登录查看更多内容

3 Solutions for Big Data’s Small Files Problem !

Kumar Chinnakali

Reimagining contact center as a hands-on architect bridging users, clients, developers, and business executives in their context.

发布日期: 2016年9月9日

In this blog we will be discussion on the efficient solutions to the “small files” problem. And what is a small file in a Big Data Hadoop environment? In the Hadoop world, a small file is a file whose size is much smaller than the HDFS block size. The default HDFS block size is 64 MB, so for an example a 2 MB, 3 MB, 5 MB, or 7 MB file is considered a small file. But however the block size is configurable and it is defined by a parameter called dfs.block.size.

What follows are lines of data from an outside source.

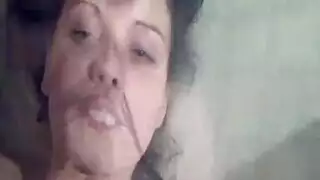 مبتور اليد الإحليل البروستات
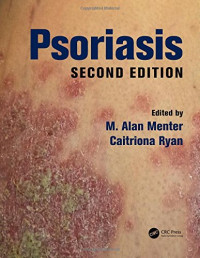 M. Alan Menter, Caitriona Ryan — Psoriasis 2nd Ed
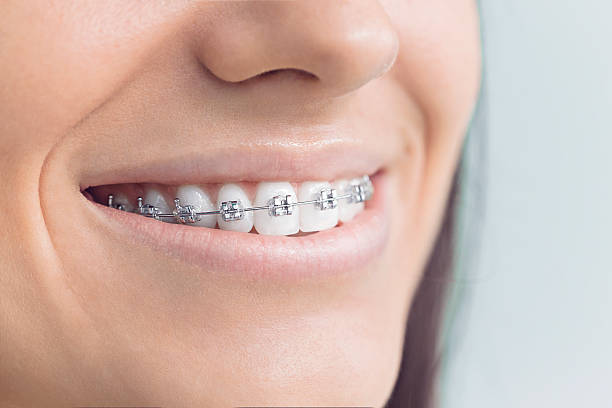 Best Invisalign and Clear Aligners  in , PA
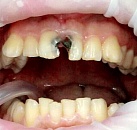 Стоматология лечение зуба с пломбой thumbnail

In general Hadoop handles big files very well, but when the files are small, it just passes each small file to a map () function, which is not very efficient because it will create a large number of mappers. For example, the 1,000’s files of size (2 to 3 MB) will need 1,000 mappers which very inefficient. Having too many small files can therefore be problematic in Hadoop. To solve this problem, we should merge many of these small files into one and then process them. And note that Hadoop is mainly designed for batch-processing a large volume of data rather than processing many small files. The main purpose of solving the small files problem is to speed up the execution of a Hadoop program by combining small files into bigger files. Solving the small files problem will shrink the number of map() functions executed and hence will improve the overall performance of a Hadoop job.

Solution 1: using a custom merge of small files
Solution 2: using a custom implementation of CombineFileInputFormat<K,V>
Solution 3: The filecrush tool is another possible solution.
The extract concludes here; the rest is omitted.